Israel’s obscene mismanagement of the Covid-19 vaccine

Israel’s obscene mismanagement of the Covid-19 vaccine

Israel and Covid: Palestinians aren’t at the bottom of the list – they’re not on the list at all. (Pictured: a Palestinian family in Nuseirat refugee camp, Gaza. The family had originally been from Ibdis, before Zionist forces forced them off their ancestral land in 1948 to establish the self-identified ‘Jewish state.’)

“No country has done what we are able to do,” said Israel PM Benjamin Netanyahu. He is so right – but not in the way he thinks he is.

by Kathryn Shihadah

UPDATE:

Today, February 16, multiple sources report that Israel is blocking the delivery of 2,000 doses of the vaccine to Gaza for use by ICU workers. 

(One anonymous Israeli source claims, “It wasn’t blocked. They are still contemplating it.” The Israeli parliament, in no apparent rush, is debating the issue.)

Israel has already administered 5.5 million doses of the Covid vaccine to its citizens. In fact, the vaccine is available to every Israeli over 16 years of age, and the rollout program is running out of willing participants. The Health Ministry and some private companies are considering offering incentives to get more Israelis vaccinated.

The Palestinian Authority (PA) has ordered vaccines – including from charitable sources – but they will be arriving slowly. The first 280,000 doses are expected by the end of February, roughly 11 weeks after Israel received its first delivery. Even when the full amount arrives, it will not be enough for the Palestinian population.

Israel has been under pressure since early January to provide vaccines for Palestinians (details below). On January 31, Israel agreed to give the Palestinian Authority 5,000 doses (as of February 9, only 2,000 have been delivered) – this in spite of the fact that Israel has plenty, and will soon have a surplus.

Israeli PM Benjamin Netanyahu (who is up for re-election this spring) boasts, “We are vaccinating at 10 times the pace of the United States.

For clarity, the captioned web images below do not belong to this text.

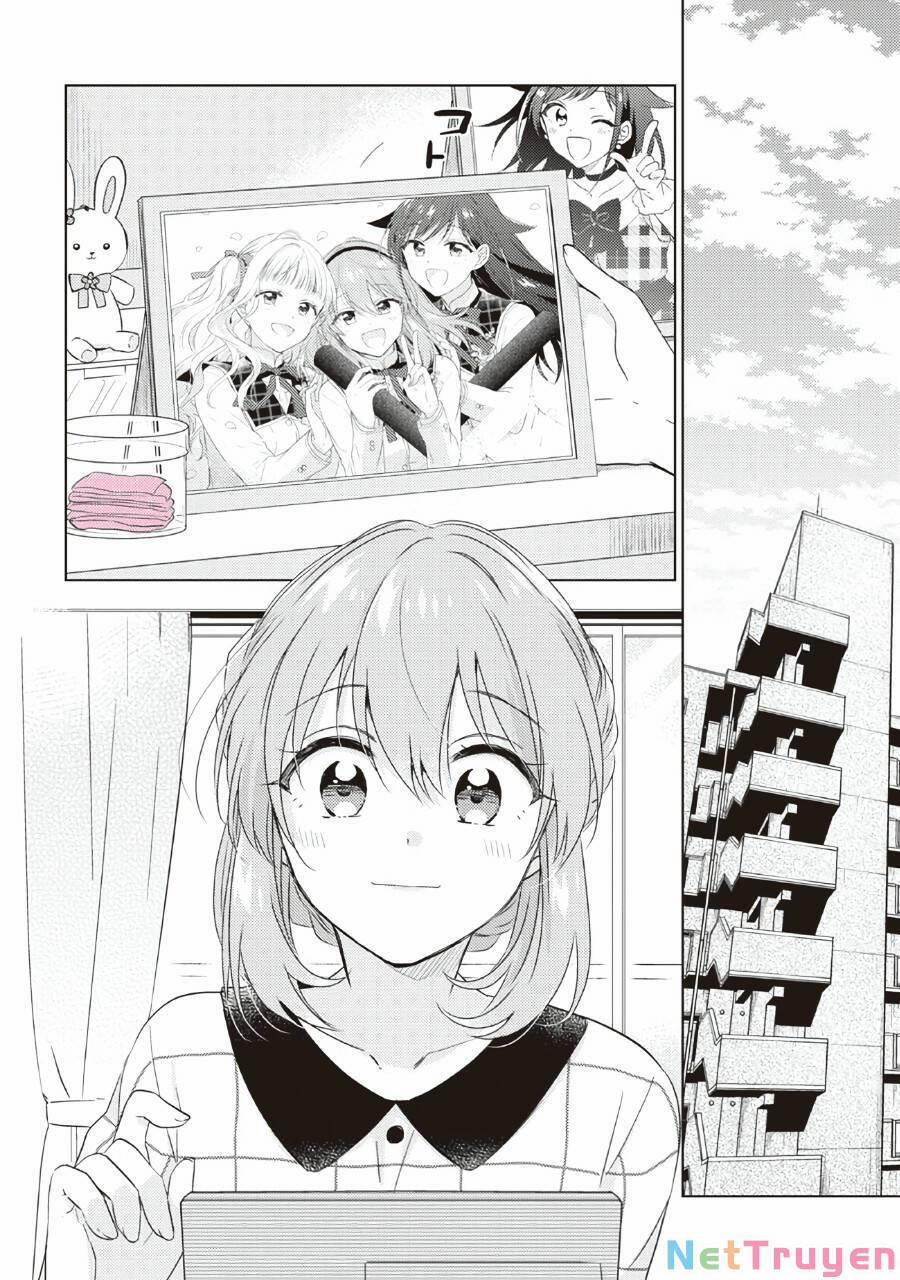 Moshi, Koi Ga Mieta Nara 15 trang 20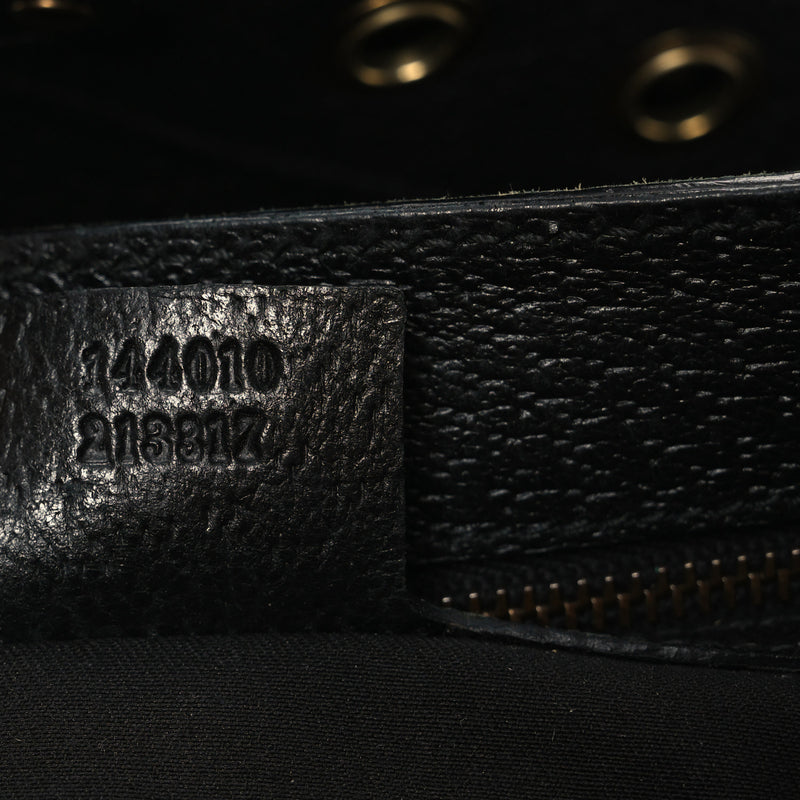 Gucci Studded Pelham Runway Flap Bag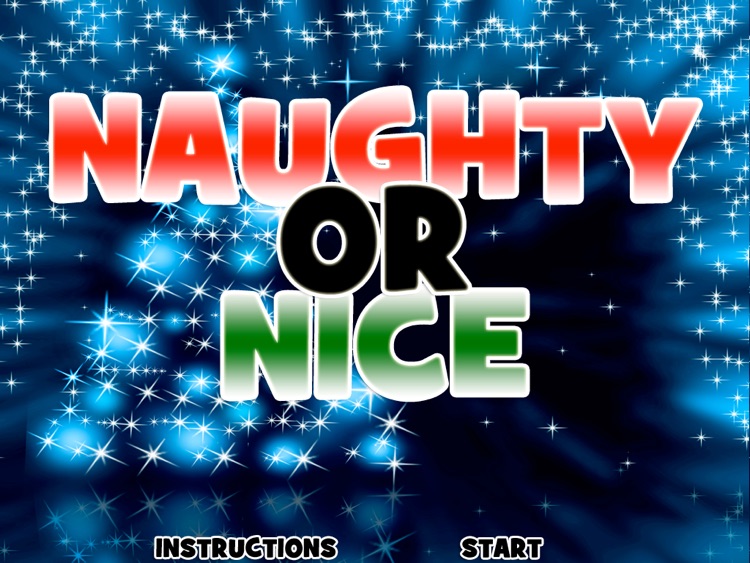 Naughty or Nice Scanner HD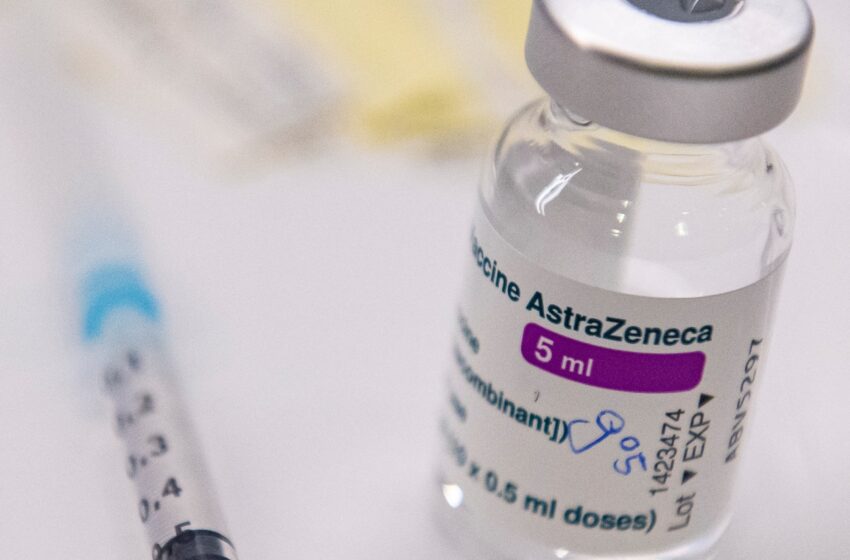  Vacina da Astrazeneca representa alto risco de trombose?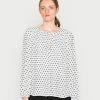 Edc By Esprit BLOUSE - Blouse - Off White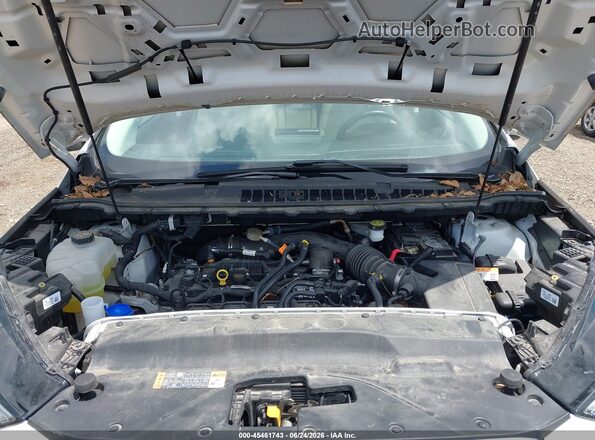 2FMPK4K94NBA96163 2022 FORD EDGE White Rear view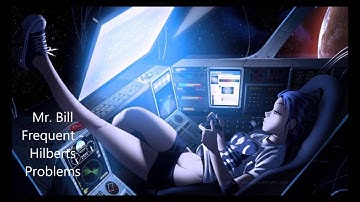 Mr.  Bill  Frequent - Hilbert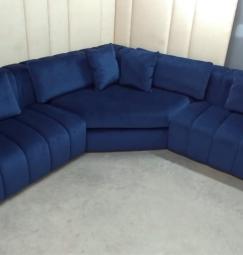 Модульный диван на заказ 2900х2900 мм.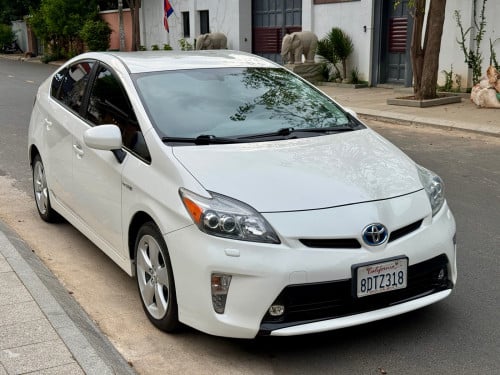 មហាថ្មីPrius 2013 opt5 JBL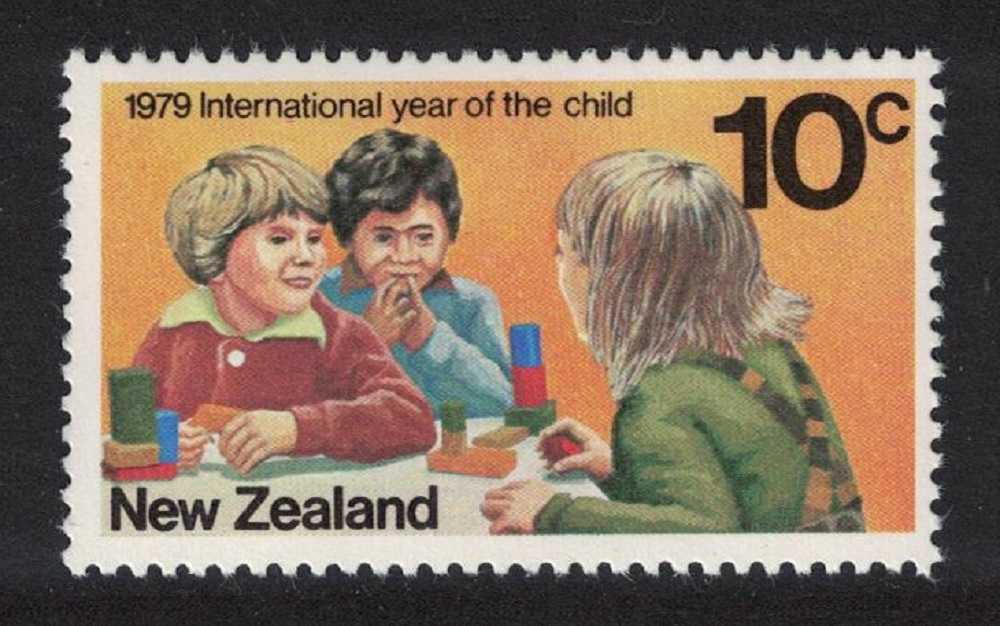 New Zealand International Year of the Child 1979 MNH SG#1196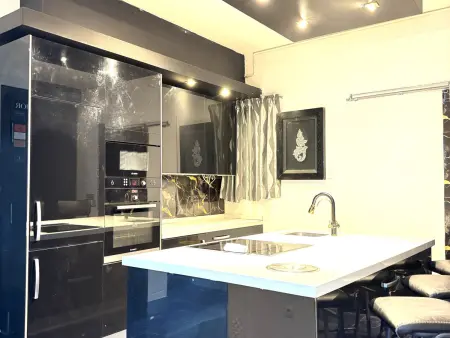 Appartement 3 chambres avec jacuzzi près de Gran Vía : photo 29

No country has done what we are able to do.” He’s right.

Israel is so far ahead in the Covid vaccine game that the Israeli Health Ministry is making it available to all Israelis over 35 years of age – not just essential workers, healthcare providers, and high-risk individuals.

But most Palestinians under Israeli rule, regardless of age or risk, don’t qualify.

Compared to the US vaccination rate of about 6.2%, Israel has distributed initial doses of the vaccine to roughly 29% of its population, and second doses to nearly half (Israeli Palestinians – Muslim and Christian – appear to be receiving proportionately fewer vaccines than Israeli Jews). For a short time, Israel enjoyed celebrity status for having the “fastest rollout in the world.”

It wasn’t long before word got out that for the occupied Palestinian territories under Israeli control, the celebrated vaccine response was just another example of Israeli apartheid. Journalists and politicians chided Israel for its discriminatory policies – which in turn led to a wave of rebuttals against those who would dare to tarnish the good name of Israel. 

The facts speak for themselves.

A Jewish man receives a coronavirus shot in Jerusalem, Jan. 4. (Oded Balilty / Associated Press)

Not willing to share

As the Financial Times reports, Israel has already received “planeloads” of vaccines, and more are due soon. By March, the state will have a surplus.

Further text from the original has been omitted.